Task material.
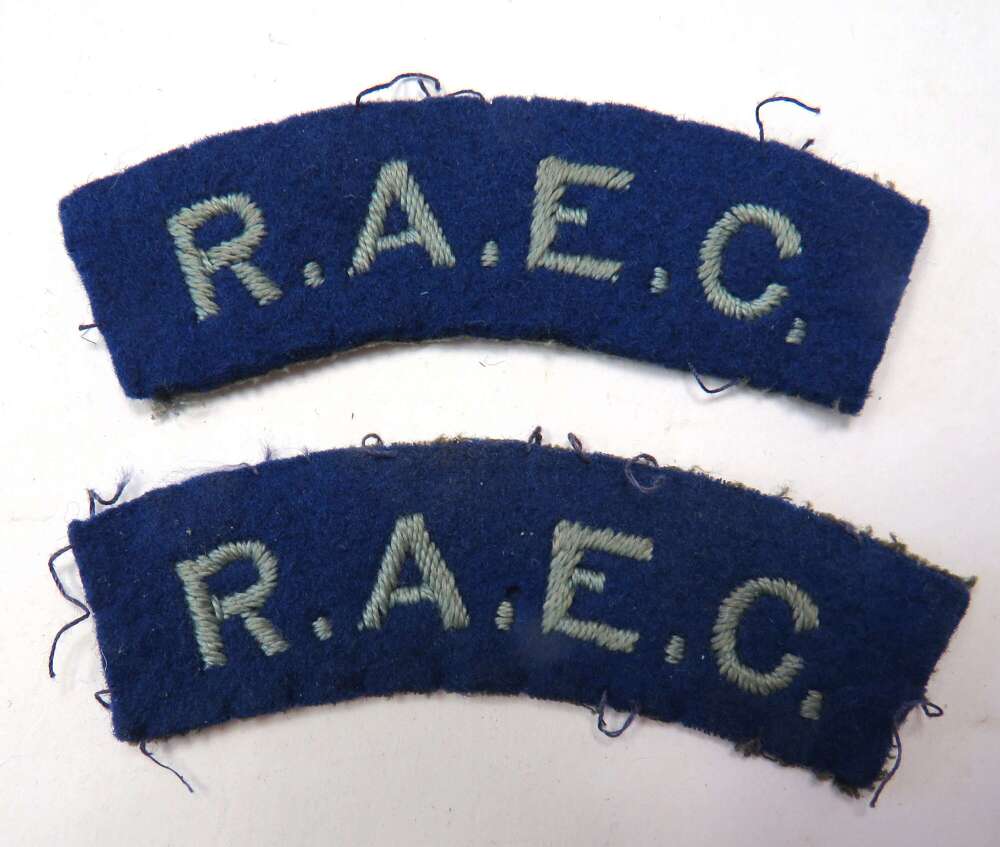 Pair of WW2 R.A.E.C Shoulder Titles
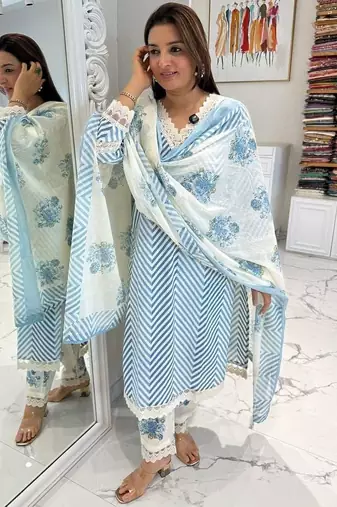 Beautiful sky blue cotton kurta set with blue floral strippedroidery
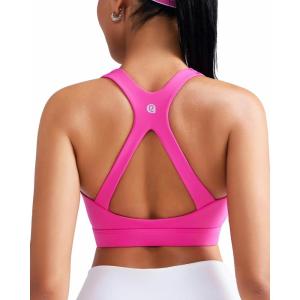 image:imageRUNNING GIRL Sports Bra for Women High Support Molded Cup High Impact Sports Bras with Sewn in Pads Workout Running BraNeon Pink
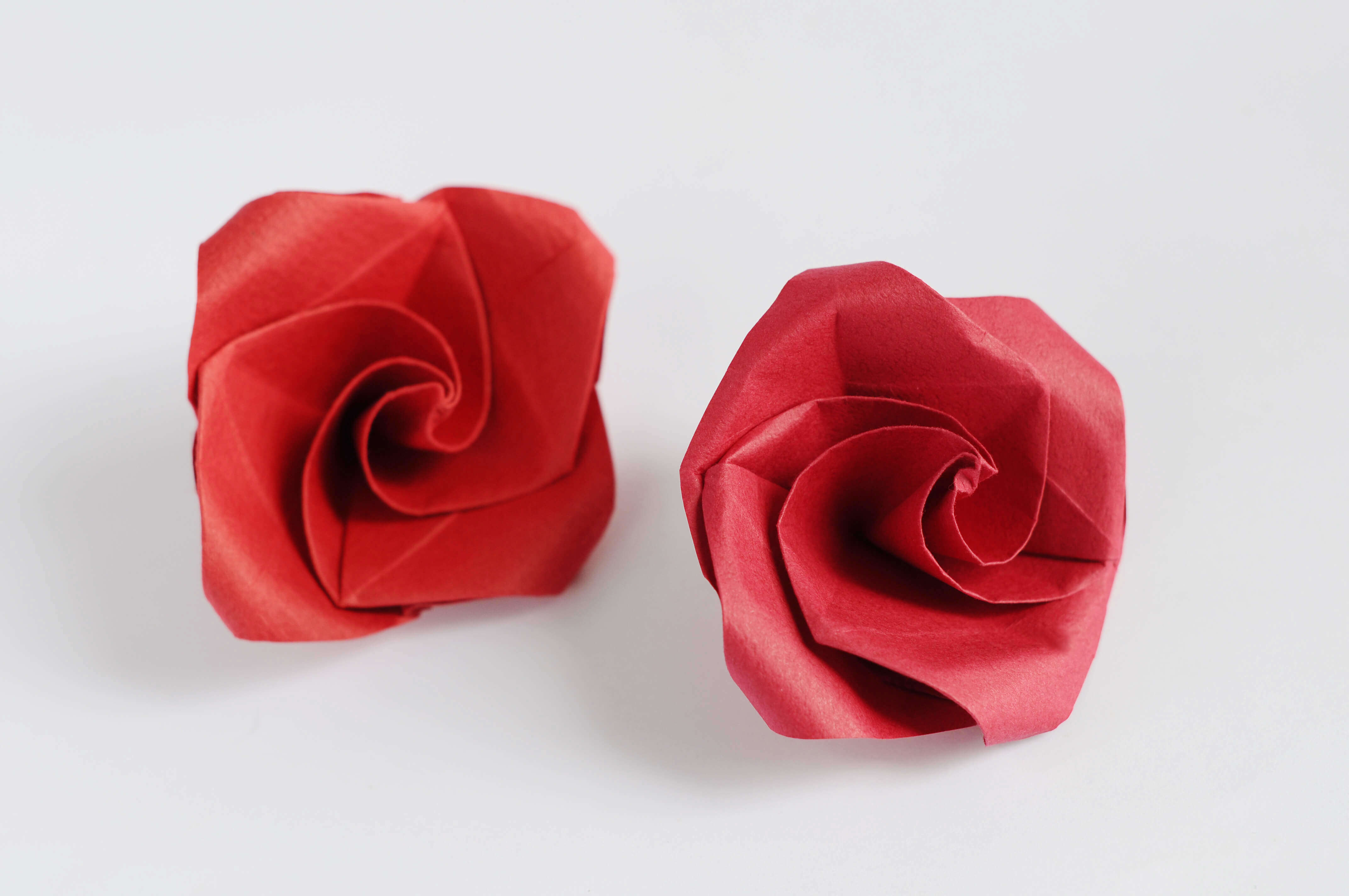 two hand made red paper roses on a white background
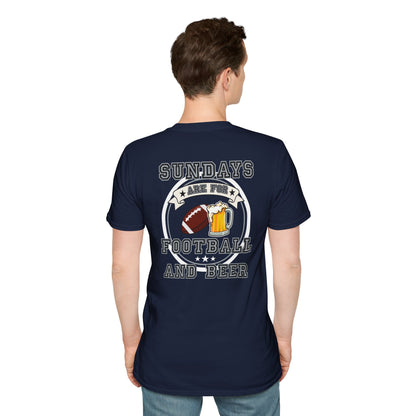Sundays Football & Beer Tee - Silver and Black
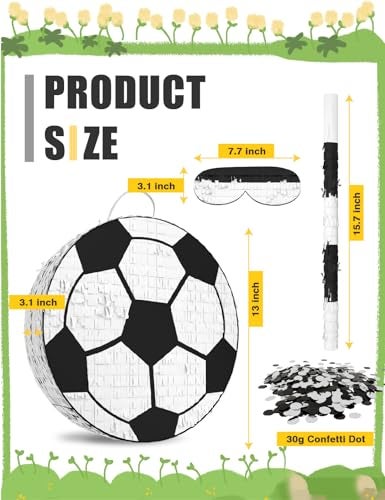 LAKINGO Soccer Piata Includes Wooden Stick Blindfold and Confetti 13x13x3 Perfect for Sports Party Decorations and Soccer Pinatas for Birthday Party - Image 5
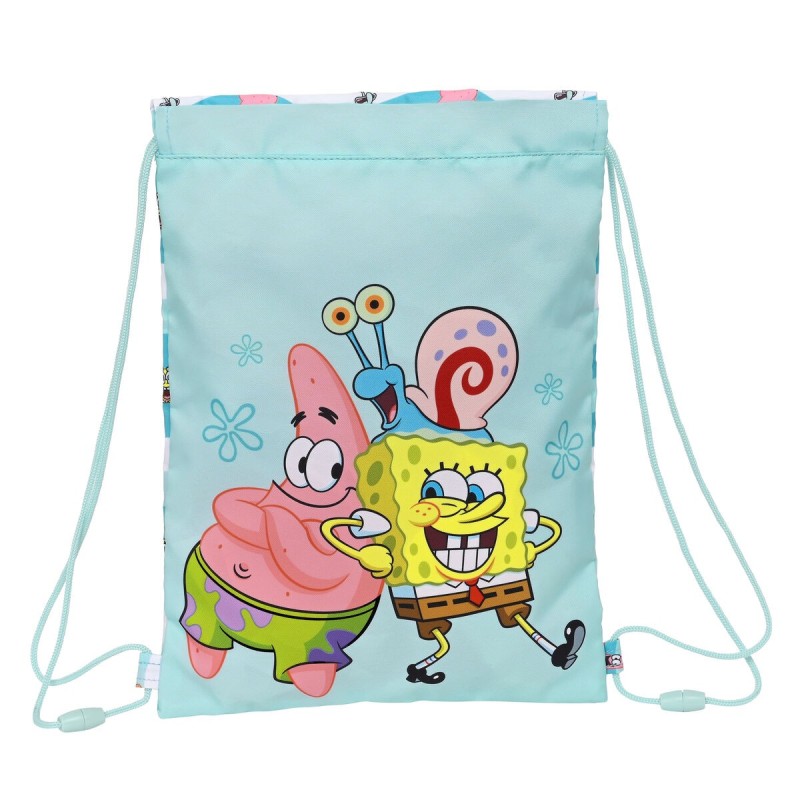 Sac à dos serré par des ficelles Spongebob Stay positive Bleu Blanc 26 x 34 x 1 cm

What needs to be done. Copy every line above exactly, leaving no picture in the copy.

Response to this task.
 Pair of WW2 R.A.E.C Shoulder Titles
 Beautiful sky blue cotton kurta set with blue floral strippedroidery
 image:imageRUNNING GIRL Sports Bra for Women High Support Molded Cup High Impact Sports Bras with Sewn in Pads Workout Running BraNeon Pink
 two hand made red paper roses on a white background
Sundays Football & Beer Tee - Silver and Black
 LAKINGO Soccer Piata Includes Wooden Stick Blindfold and Confetti 13x13x3 Perfect for Sports Party Decorations and Soccer Pinatas for Birthday Party - Image 5
 Sac à dos serré par des ficelles Spongebob Stay positive Bleu Blanc 26 x 34 x 1 cm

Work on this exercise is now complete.